Recreated by French architect Manteaux, on the pattern of the Koutoubia or Grand Mosque of Marakesh, Morocco’s signature structure, it was erected in 1930 at a cost of Rs. 4 lakh. Stunning in its simplicity, it’s the judicious use of colour, line and horse-shoe arched forms that make it an architectural masterwork. Far removed from the Indo-Islamic, marble-domed mosques found around the country, it has instead a brick-work façade, no dome, a flat roofed entrance and, uniquely, a single cuboidal minaret. The only area where embellishment of stone is seen is in the inner concave of the sanctum sanctorum.
What appealed instantly were the joyous colours that reflected a Mediterranean ambience. I was gripped by a rose pink wall meeting a lemon one round the corner, mustard-coloured arches, glazed dark turquoise ridged tiles capping a hexagonal dome or the touch of green in its minaret. The intricate, brick-filigreed minaret is further adorned with a spire which is three copper balls in reducing size, signifying the traditional style of the Almohads — a dynasty that originated in 1121 A.D. with Ibn Tumart, a Berber tribe member of the Atlas Mountains; and by 1149 A.D., it had established its control over Marakesh. The Grand Mosque was built between 1184 and 1199 A.D. Centuries later, the Moorish Mosque in Punjab stood as a splendid link in the six degrees of separation from a passage of history that played out in distant Africa.
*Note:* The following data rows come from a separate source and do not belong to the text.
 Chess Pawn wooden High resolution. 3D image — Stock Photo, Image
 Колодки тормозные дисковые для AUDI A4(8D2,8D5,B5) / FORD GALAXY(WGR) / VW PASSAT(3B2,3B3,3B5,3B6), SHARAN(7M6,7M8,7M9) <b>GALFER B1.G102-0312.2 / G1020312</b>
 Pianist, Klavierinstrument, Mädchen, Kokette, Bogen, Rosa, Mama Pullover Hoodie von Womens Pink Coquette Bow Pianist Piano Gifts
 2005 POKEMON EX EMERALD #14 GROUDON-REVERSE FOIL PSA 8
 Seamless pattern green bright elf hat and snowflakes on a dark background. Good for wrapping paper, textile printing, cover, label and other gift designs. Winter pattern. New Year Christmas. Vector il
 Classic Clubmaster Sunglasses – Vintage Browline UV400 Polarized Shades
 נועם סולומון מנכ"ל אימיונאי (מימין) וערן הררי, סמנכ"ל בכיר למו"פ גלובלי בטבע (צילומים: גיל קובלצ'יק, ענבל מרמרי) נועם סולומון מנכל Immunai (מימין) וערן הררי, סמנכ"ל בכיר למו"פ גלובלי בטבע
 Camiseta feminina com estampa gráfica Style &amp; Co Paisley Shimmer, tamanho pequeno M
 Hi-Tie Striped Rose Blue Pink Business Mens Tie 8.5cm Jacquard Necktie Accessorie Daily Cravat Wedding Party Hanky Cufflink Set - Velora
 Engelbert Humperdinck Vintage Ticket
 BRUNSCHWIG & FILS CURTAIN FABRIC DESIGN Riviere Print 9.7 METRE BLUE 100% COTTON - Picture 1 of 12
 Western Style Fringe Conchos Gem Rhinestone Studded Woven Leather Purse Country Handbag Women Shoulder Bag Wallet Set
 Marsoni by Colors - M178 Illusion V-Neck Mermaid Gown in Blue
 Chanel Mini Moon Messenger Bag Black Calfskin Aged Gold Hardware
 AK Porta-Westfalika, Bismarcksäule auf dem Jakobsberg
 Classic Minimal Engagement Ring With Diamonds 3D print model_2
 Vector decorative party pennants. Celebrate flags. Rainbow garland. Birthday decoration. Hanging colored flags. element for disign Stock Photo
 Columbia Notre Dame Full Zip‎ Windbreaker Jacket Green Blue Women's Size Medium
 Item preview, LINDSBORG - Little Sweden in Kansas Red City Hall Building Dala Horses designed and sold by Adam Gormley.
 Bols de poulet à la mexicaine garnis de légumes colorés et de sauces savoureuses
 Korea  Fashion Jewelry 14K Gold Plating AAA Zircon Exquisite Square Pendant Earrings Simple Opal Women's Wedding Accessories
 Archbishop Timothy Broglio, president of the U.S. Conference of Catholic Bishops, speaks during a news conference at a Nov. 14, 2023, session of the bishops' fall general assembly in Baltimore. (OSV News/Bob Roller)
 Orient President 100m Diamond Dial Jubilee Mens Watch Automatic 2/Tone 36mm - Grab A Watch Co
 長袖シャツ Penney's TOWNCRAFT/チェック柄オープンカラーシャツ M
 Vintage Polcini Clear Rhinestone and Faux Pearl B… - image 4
Today’s Kapurthala has a reticent charm. It moves with the gentle-swiftness of a yesteryear sovereign, who, having seen the heights of glory, now basks in past pride and savours sepia-tinted memories. I had walked its dusty lanes to get a grip on its other landmarks. In addition to this slice of Morocco, the town is dotted with other European replicas too. I observed a bit of France in the Jagatjit Palace, a close reproduction of the Palace of Versailles, that is now the Sainik School. A touch of Greece came across in the Jagatjit Club that’s designed on the lines of the Acropolis. A building of elegance, it was originally a church before worshippers of another kind began entering its portals when it got converted into a cinema hall shortly before Independence. The silver screen gave way to the club a few decades ago.
Architectural echoes
A bevy of places that completed the impressive line up were the Indo-Saracenic Jhagar Singh War Memorial; Elysee Palace that’s now MGN Public School; the Islamic-patterned former Durbar Hall which at present serves as the District Court; and the Randhir College that was set up in 1856 and named after a former ruler. It was among the first education institutions of Punjab and exhibits the progressive thought of the Kapurthala royals. The most eye-catching on its campus is the Jubilee Hall, standing amidst a carpet of green and constructed in 1916 for convocations. A place I couldn’t peep into was the present residence of the royal family, the Spanish-fashioned Villa Buona Vista, locally known as Villa Kothi that stays out of bound for the public.